PhD Thesis

The Impact of Magnetosonic Waves on Earth’s Radiation Belt Electrons: Observations and Simulations

Jinxing Li (Space Physics)

Directed by Prof. Zuyin PU and Suiyan FU

ABSTRACT

Earth’s radiation belts are filled with energetic particles trapped by Earth’s magnetic field. The electron radiation belt is comprised of the inner belt, the outer belt and a ‘slot’ in between. Responding uniquely to various plasma waves including the ULF, chorus, hiss, EMIC, ECH and magnetosonic waves, radiation belt electrons are highly dynamic due to the imbalance between the acceleration, loss and transport processes. However, how the magnetosonic waves impact the energetic electrons is yet to be uncovered. There had been no direct observations or dynamic simulations about the impact of the magnetosonic waves on the radiation belts.

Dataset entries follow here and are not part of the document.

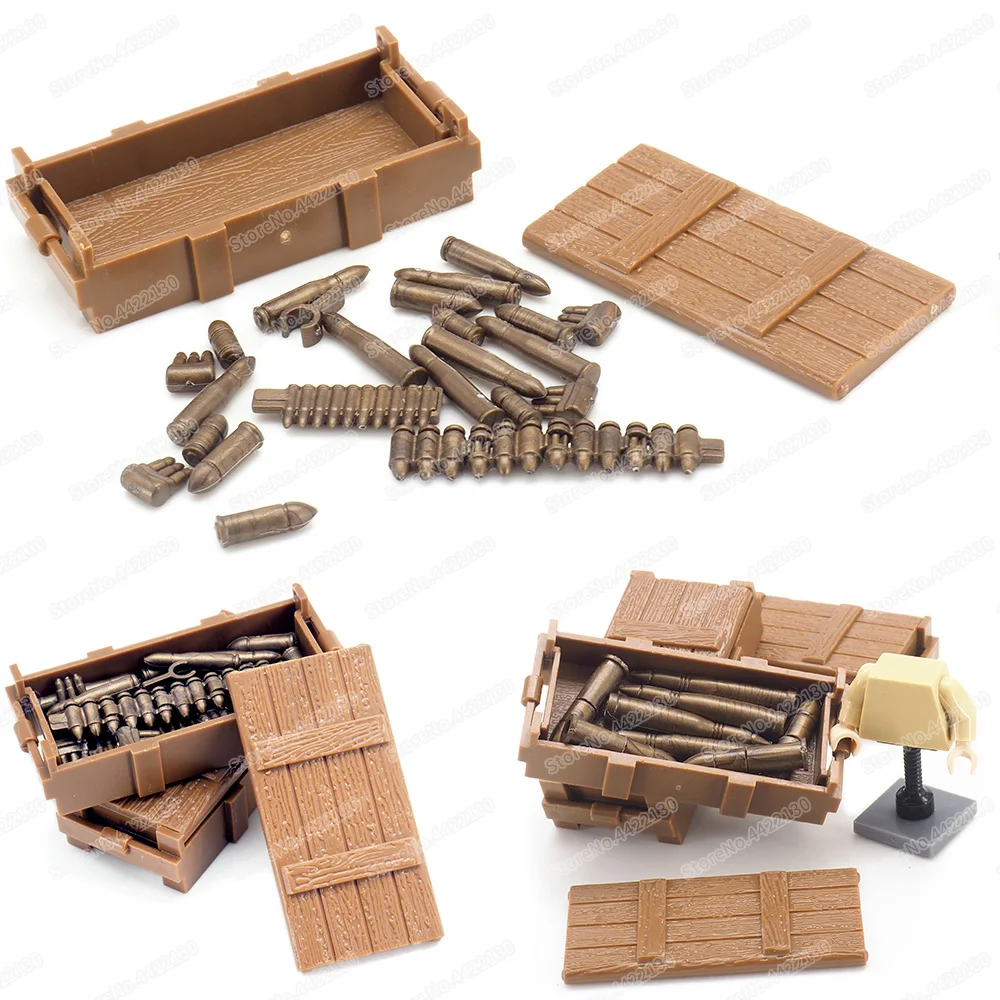 Soldier Equipment Bullet Box Set Military Building Block Moc Figures WW2 Army Weapons Box Model Child Christmas Gift Boy DIY Toy
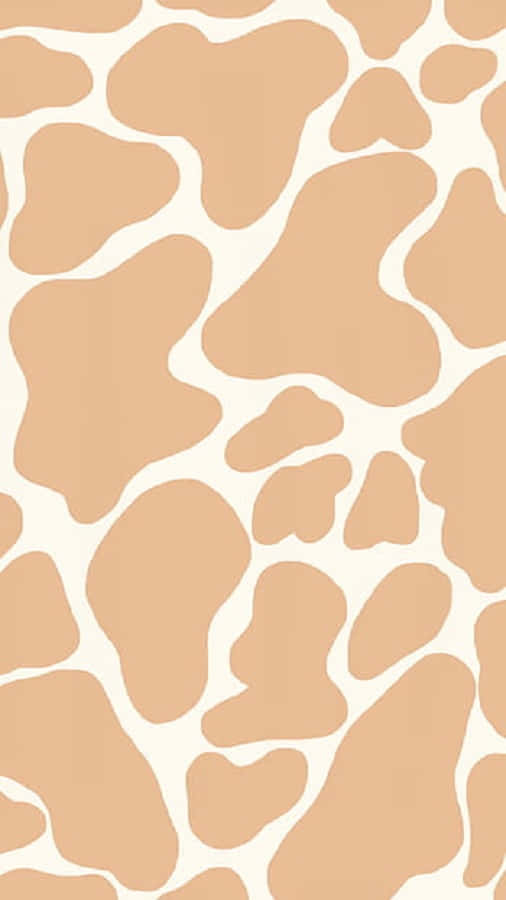 Close-up of Brown Cow Print Pattern Wallpaper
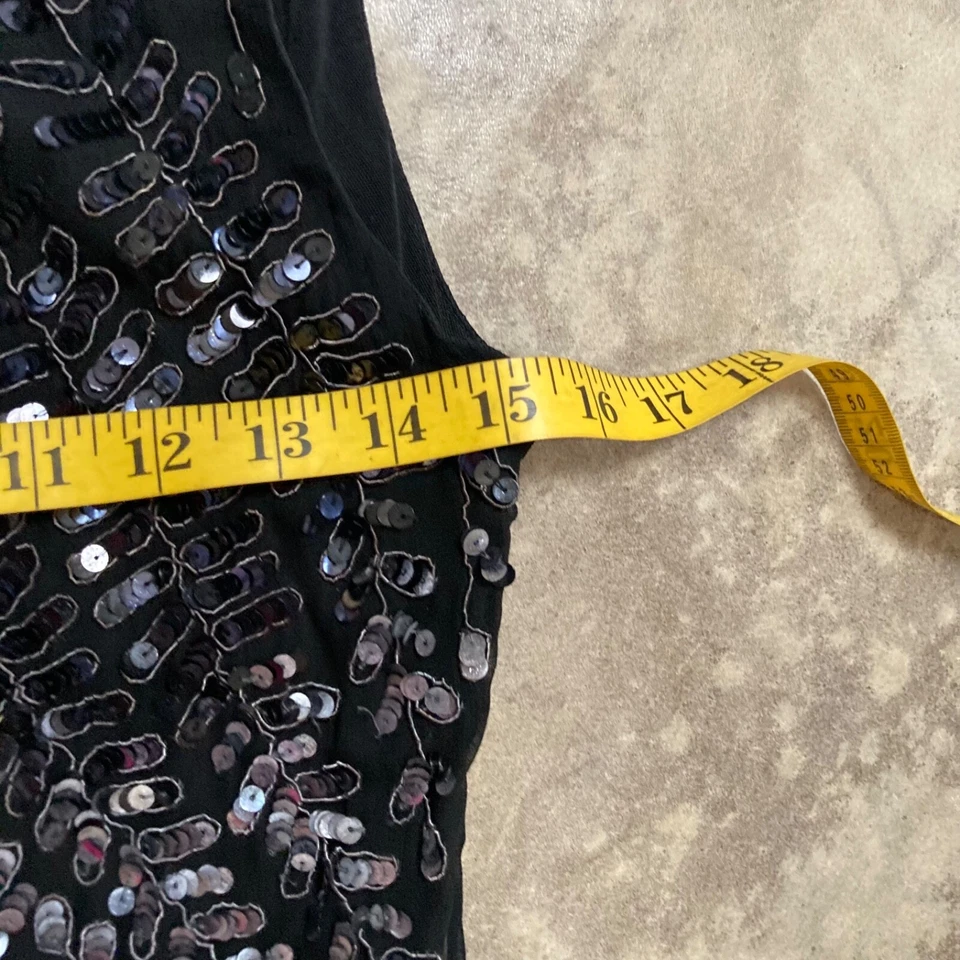 Alice Olivia Dress Womens Small P Black Mini Silk All Over Sequin Beaded Party - Image 3 of 4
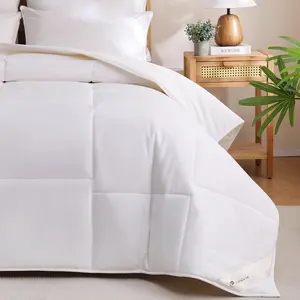 Blend Comforter  Size- 51% Australian  & 49% Microfiber Filling Duvet Insert,   Shell, Medium Weight, Breathable  Comforter (White)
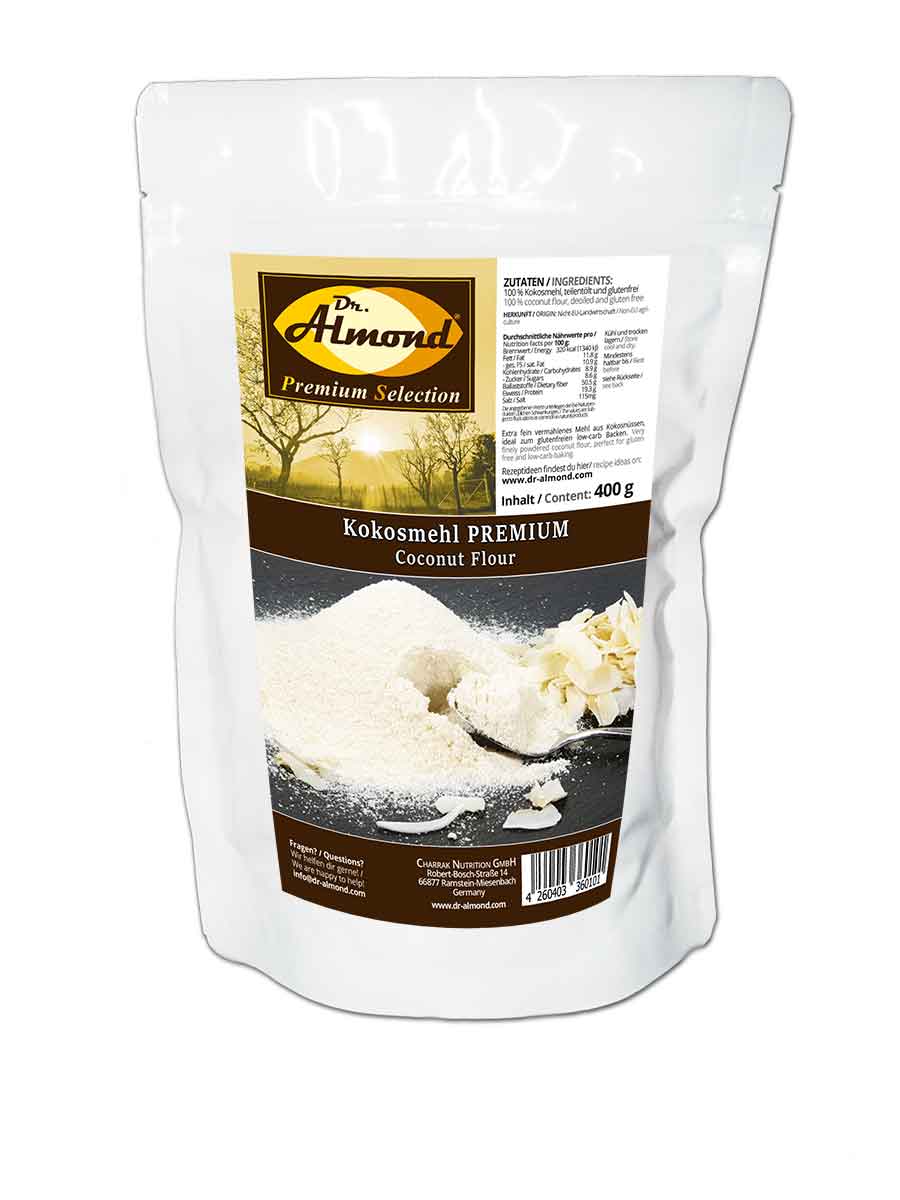 Kokosmehl PREMIUM teilentölt & glutenfrei 400 g – Bild 2
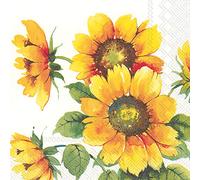 Boston International IHR - Servilletas de papel (12,7 x 12,7 cm, 20 unidades), diseño de girasoles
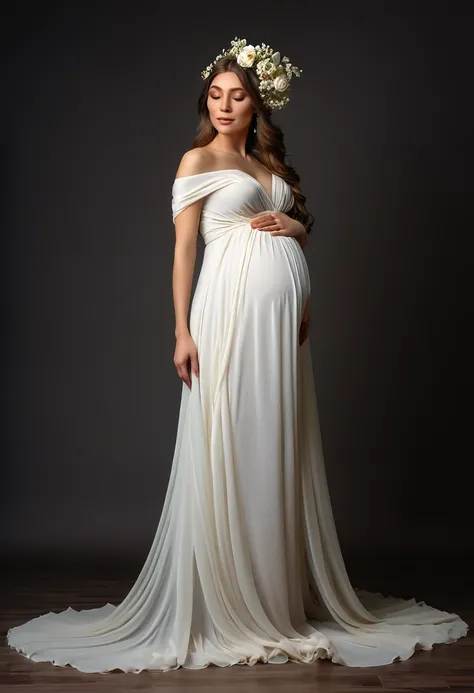 pregnant woman in a flowing dress with a flower in her hair, wearing a flowing dress, flowing gown, beautiful flowing fabric, flowing dress, endless flowing ethereal drapery, draped in flowing fabric, beautiful gown, flowing realistic fabric, dressed beaut...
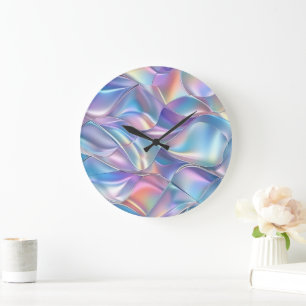 Grande Horloge Ronde Métallisé iridescent 6 Géométrique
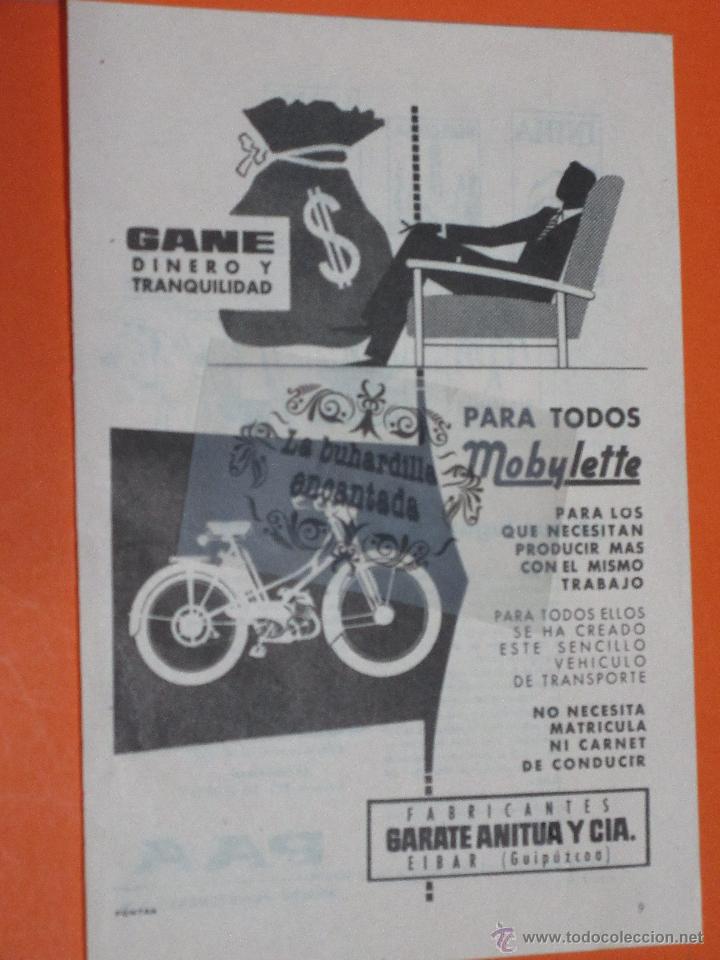 Automobili e Motociclette: PUBLICIDAD 1957 - COLECCION COCHES - MOTO MOBYLETTE EIBAR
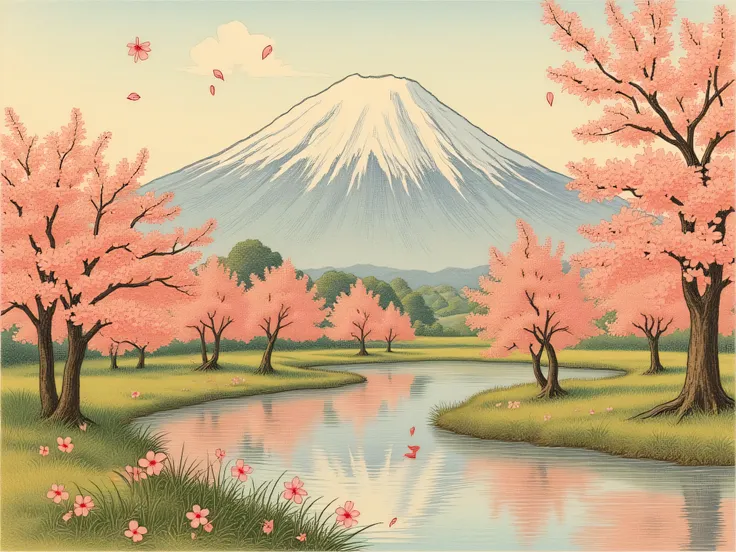 Japanese Scenery painting style Mt. Fuji river cherry blossoms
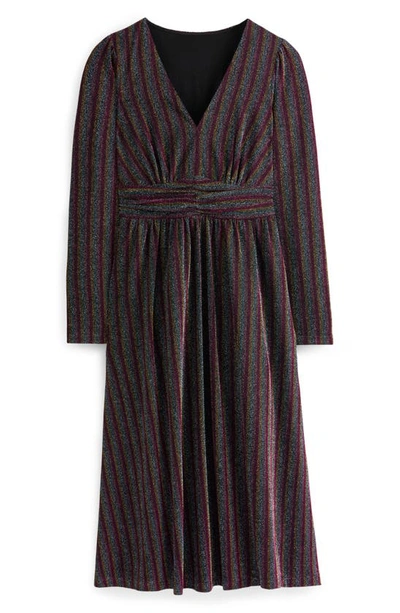 Shop Boden Metallic Stripe Long Sleeve Sweater Dress In Burgundy Multi Stripe
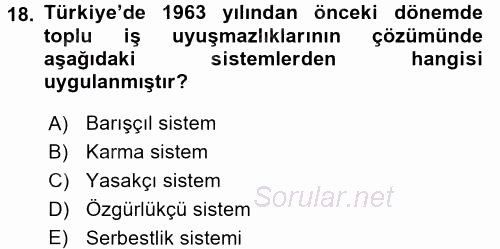 Endüstri İlişkileri 2016 - 2017 Dönem Sonu Sınavı 18.Soru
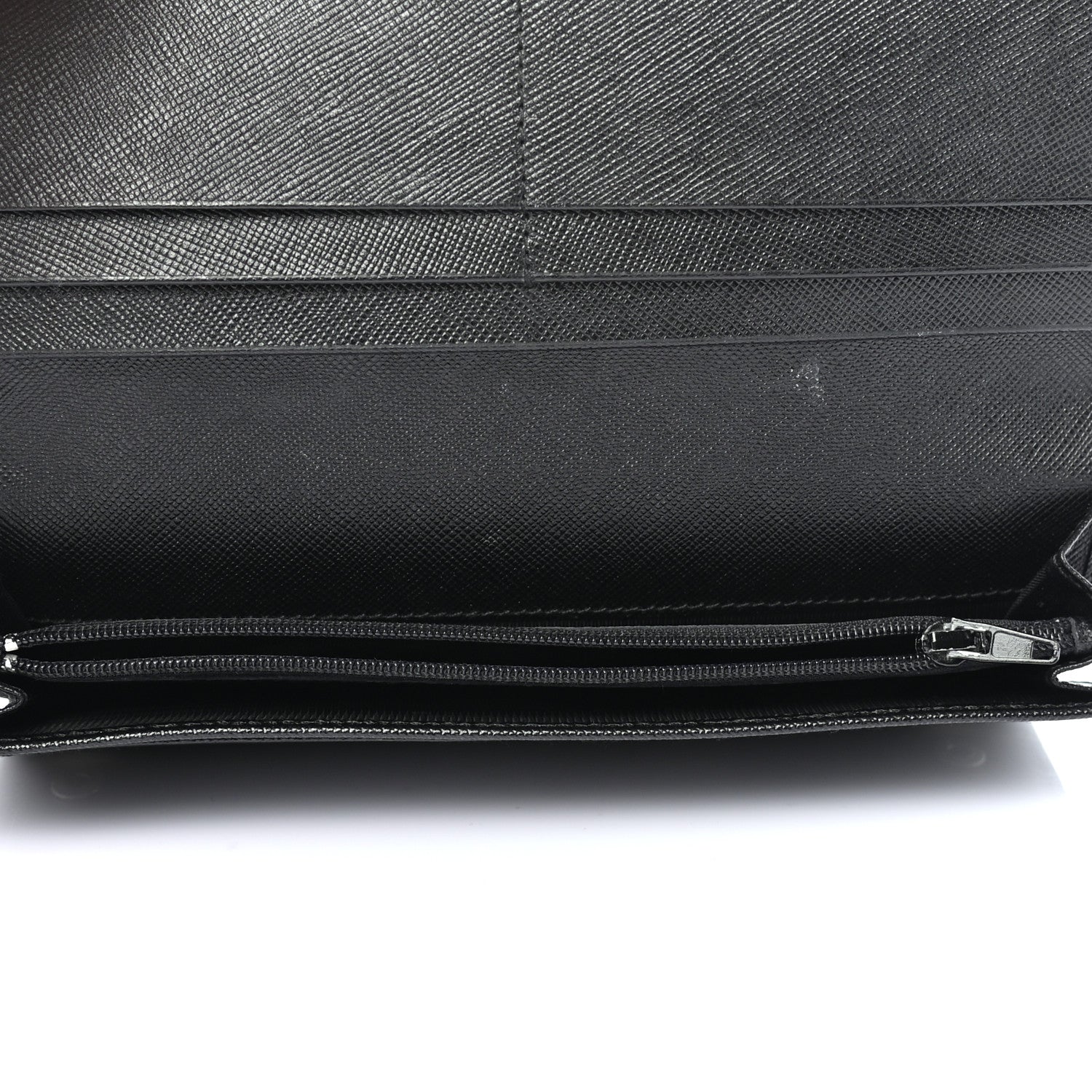 Prada Saffiano Triangle Continental Flap Wallet Black 5 of 9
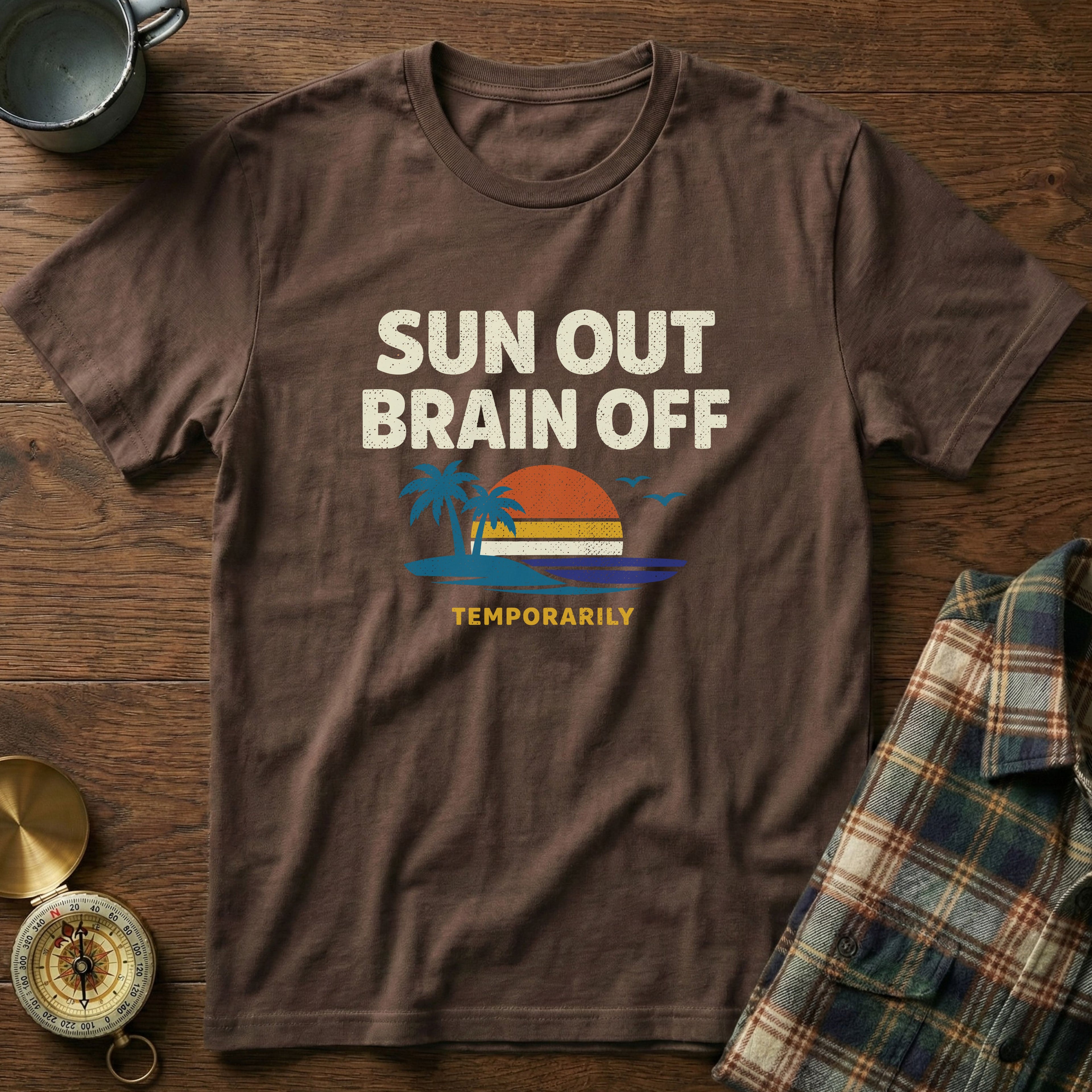 Sun Out Brain Off Retro Beach T-Shirt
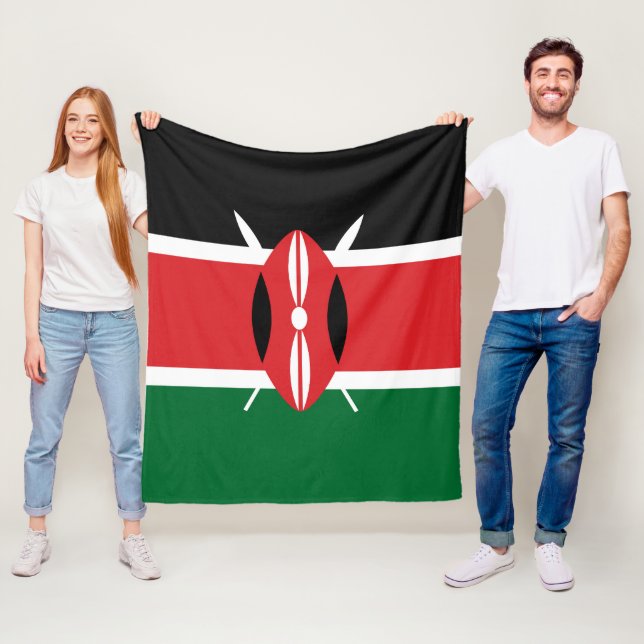 Kenya flag fleece blanket (In Situ)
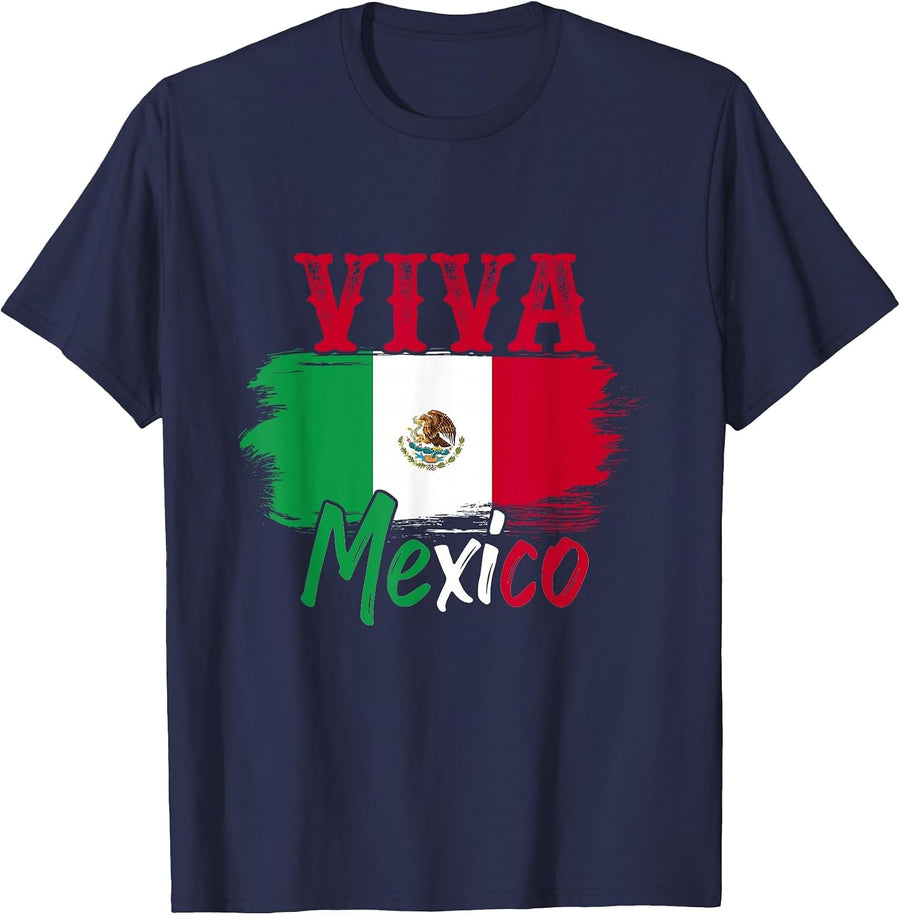 Mexican Flag Viva Mexico T-Shirt - Navy Blue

During the 29 June 2013 geomagnetic storm, the Van Allen Probes measured the formation process of the energetic electron butterfly distributions in the inner radiation belt and the slot region. A strong magnetosonic wave enhancement was also detected in the same region. Based on multi-point high-quality wave measurements from both Van Allen Probes, this dissertation, for the first time, constructed an accurate magnetosonic wave model with a harmonic structure, a distribution of wave normal angle and a spatial distribution over magnetic local times. By combining test particle calculations and the Fokker-Planck simulations, this dissertation reveals that the magnetosonic wave can scatter the near 90o pitch angle electrons to the medium pitch angles via a parallel acceleration related to the Landau resonance, and thereby create the electron butterfly distributions.

A very intense magnetosonic wave can even create the ~100 keV electron butterfly distributions in the heart of the outer radiation belt in just 1 minutes, as observed by Van Allen Probe A on 21 August 2013, and we successfully reproduced this process based on the wave and electron measurements. During the recent 17 March 2015 large geomagnetic storm, the Van Allen Probes observed that when the magnetosonic waves were enhanced, the ultrarelativistic electrons with energies up to 5.2 MeV exhibited butterfly distributions. As the magnetosonic waves intensified to 4.1 Earth Radii, the electron butterfly distributions extended to the same altitude. Based on the Van Allen Probe observations and the wave-particle interaction simulations, this dissertation reveals that scattering by equatorial magnetosonic waves is a significant cause for the formation of energetic electron butterfly distributions in the inner radiation belt, the slot region and the outer radiation belt. Because of the existence of magnetosonic waves, the high energy electrons are not concentrated near the magnetic equator but also populated in the medium and high latitudes, making the high latitudes also radioactive.